Sharing API routes and types between frontend and backend

One of the important but tedious things in SPA development is to make sure that the API calls the frontend makes are actually implemented in the backend and that frontend and backend agree on the types of the functions offered by the API.

Running Rust both on server and client implies that we can trivially share the types that represent values exchanged between frontend and backend (e.g. by putting the types in a shared crate). This is nice and doesn’t involve any extra work.

Now, I want to go a step further than this: I want the compiler to statically check that the frontend only accesses URLs on the backend that are actually implemented by the backend, and also that frontend and backend agree on the types of values being passed between them. It is clearly possible to come up with a common API specification language and, from that, generate some code for frontend and backend (see, e.g. haskell-servant), so that the type checker will enforce this.

Question: does anyone here know of anything like this in the Rust ecosystem? Has anyone here done this in some way or another?

I’ve written only server_integration example with shared models between Seed and Actix but nothing more smart and robust.
We have also example with GraphQL - it generates Rust code from schemas - it should be used to verify contracts between client and server. Or you can investigate binary protocols like gRPC.
I want to investigate ways how to do something like in the far future.

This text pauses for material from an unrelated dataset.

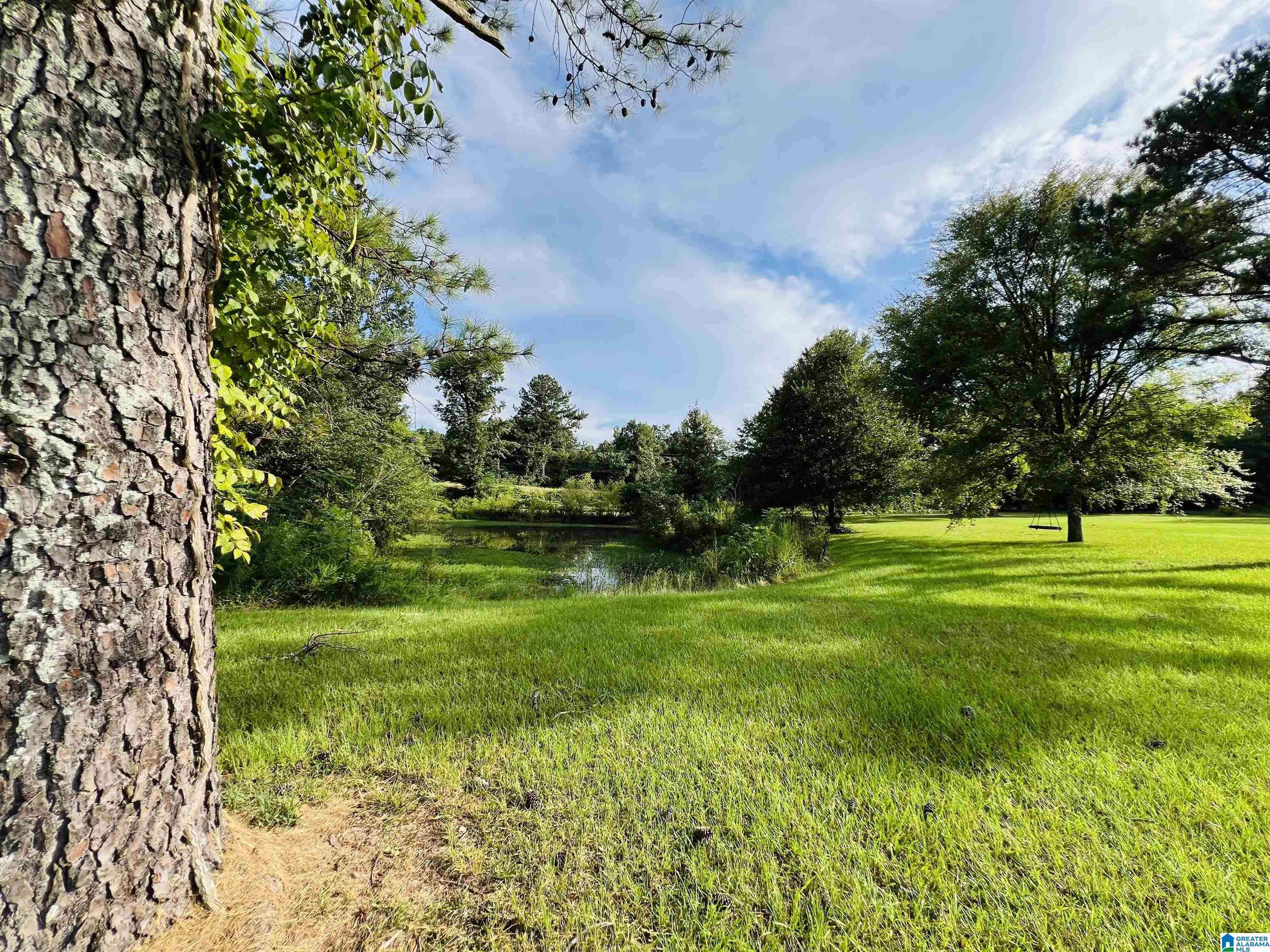 70 Armstrong Road Ashville, AL 35953 - Photo 14 of 67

I tried this with tide but it did not work. Tide using async-std and seed using tokio but that shared data cant implement for async trait when seed using tokio. So, i just defined same data in 2 crate. Also, for future, graphql will be fine.

Are you sure that Seed uses Tokio?

Well, i am not but compiler complained about executor. So i guessed “if it is not async-std, it should be tokio” :slight_smile:

Maybe the errors were different, i dont know. But when i removed async-std(sqlx was using it) trait from shared, it worked.

Thanks for pointing out the graphql libraries of Rust. I wasn’t aware of juniper and the graphql client. I’ll check those out. From their description, it sounds like they might actually do exactly what I am looking for.

I learned about one way to probably not do it: the graphql introspection result of juniper does not trivially convert to a graphql SDL schema, since the official graphql library on NodeJS fails to load the json schema from juniper’s introspection.
Fair enough, I guess that’s why there is a crate Haven’t tried that yet. They are taking the approach of writing the graphql SDL schema by hand and generating the types and a trait for the API. It looks like implementing that trait means the graphql server is complete and adheres to the SDL schema.